I believe it’s also worth mentioning that when the Constitution was written, and ratified, the role of the Senate was seen much differently than it is today. The 17th amendment radically altered the relationship between the states and the federal government, to the detriment of the states.
Alexander Hamilton’s Federalist #75 is worth a reread on the subject of treaties as well. Here are some highlights:
“Its objects are CONTRACTS with foreign nations, which have the force of law, but derive it from the obligations of good faith. They are not rules prescribed by the sovereign to the subject, but agreements between sovereign and sovereign.”
“The history of human conduct does not warrant that exalted opinion of human virtue which would make it wise in a nation to commit interests of so delicate and momentous a kind, as those which concern its intercourse with the rest of the world, to the sole disposal of a magistrate created and circumstanced as would be a President of the United States.”
“It must indeed be clear to a demonstration that the joint possession of the power in question, by the President and Senate, would afford a greater prospect of security, than the separate possession of it by either of them.”
But in conclusion, it’s all well and good to be informed about what/how the Constitution is being violated, but what are “We the People” going to do about it? Do we really believe that educating and voting in the right people is going to correct course quickly enough? “Another practice” began in the 19th century. Are we to just accept that tradition, practiced by Republican and Democrat alike, now trumps the Constitution? “(N)o State in the 21st century is likely to try to assert that a treaty does not apply to it”. The ideas of nullification and interposition are powerless when it comes to the people having a voice to oppose a treaty, or executive action regarding a foreign country, or whatever the current executive wishes to call it (see Hamilton above, it’s a CONTRACT with foreign nations, his emphasis, not mine).

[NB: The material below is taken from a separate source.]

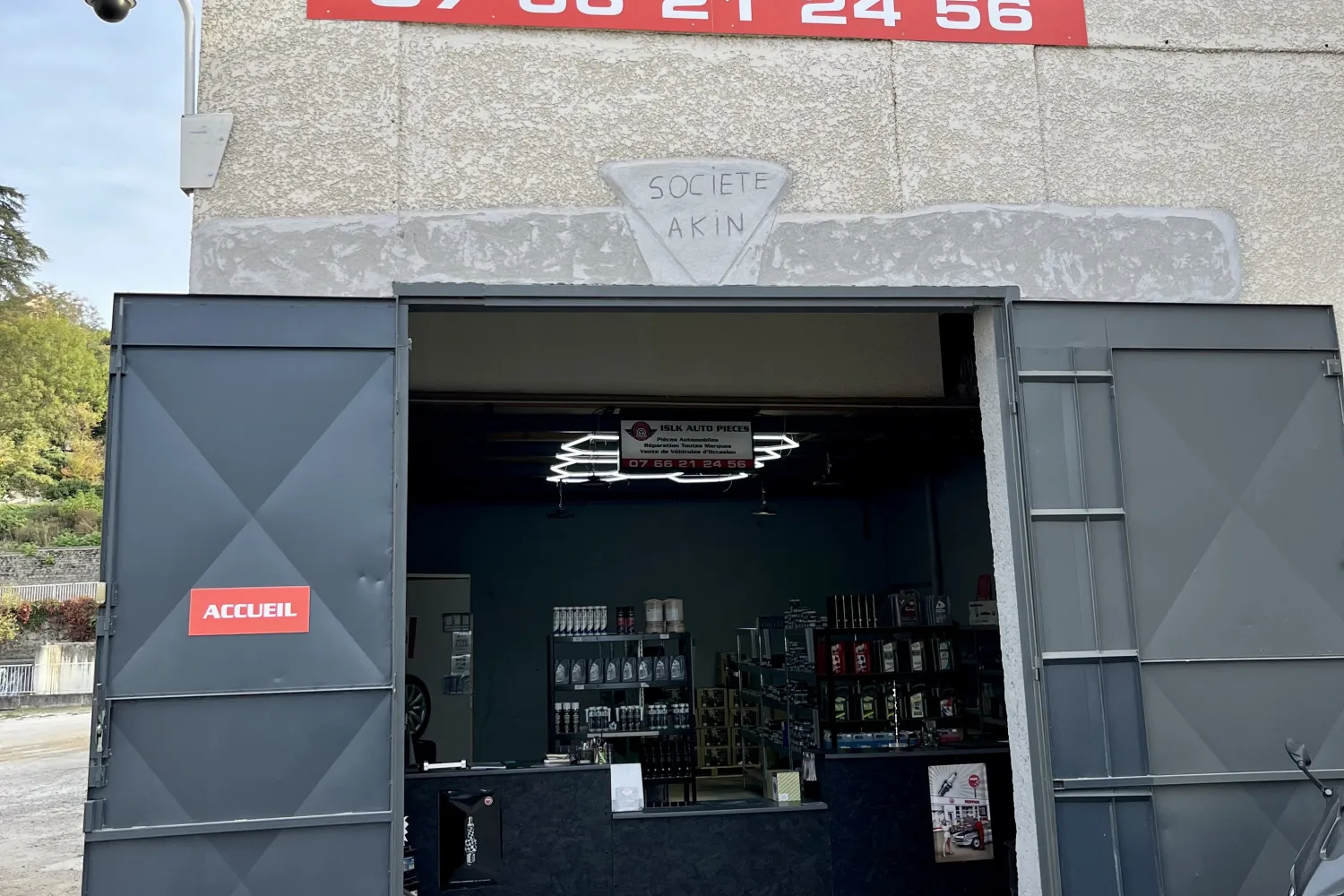 Façade et porte du garage ISLK Auto Pièces, zone industrielle des Forges à Pont-Évêque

There is a Constitutional solution, in Article V, the amending article proposed by the framers. The states, collectively, have the authority, and the duty, to course correct an overreaching federal government. Whenever two-thirds of the states apply, for the same subject, to amend the Constitution, Congress “shall” call a “convention to propose amendments.” There is much fear being thrown out in opposition to such an idea; my biggest argument against that fear is that this provision is clearly written in the Constitution, is clearly defended by both Madison and Hamilton in the Federalist Papers (#43 and #85, respectively), and provides the states with the only unilateral authority to correct the federal government (two-thirds apply for an amending convention for the same subject(s), the convention of state delegates proposes one or more amendments germane to the originating application, and three-fourths of the states then must ratify any proposed amendments).
In specific reference to treaty authority, an application for an amending convention to “limit the power and responsibility of the federal government” could entertain/propose an amendment which demands that two-thirds of the states ratify a treaty, or that two-thirds of the states can nullify a treaty, both without further recourse (no appeal to the courts). Such an amendment could effectively restore the power the states enjoyed before the ratification of the 17th amendment. Now that’s nullification!
The Convention of States Project does in fact have that very clause in their amending application, currently working through some 30 state legislatures in the country. No other Article V proposal is offering the state legislatures this opportunity to reclaim their lost power.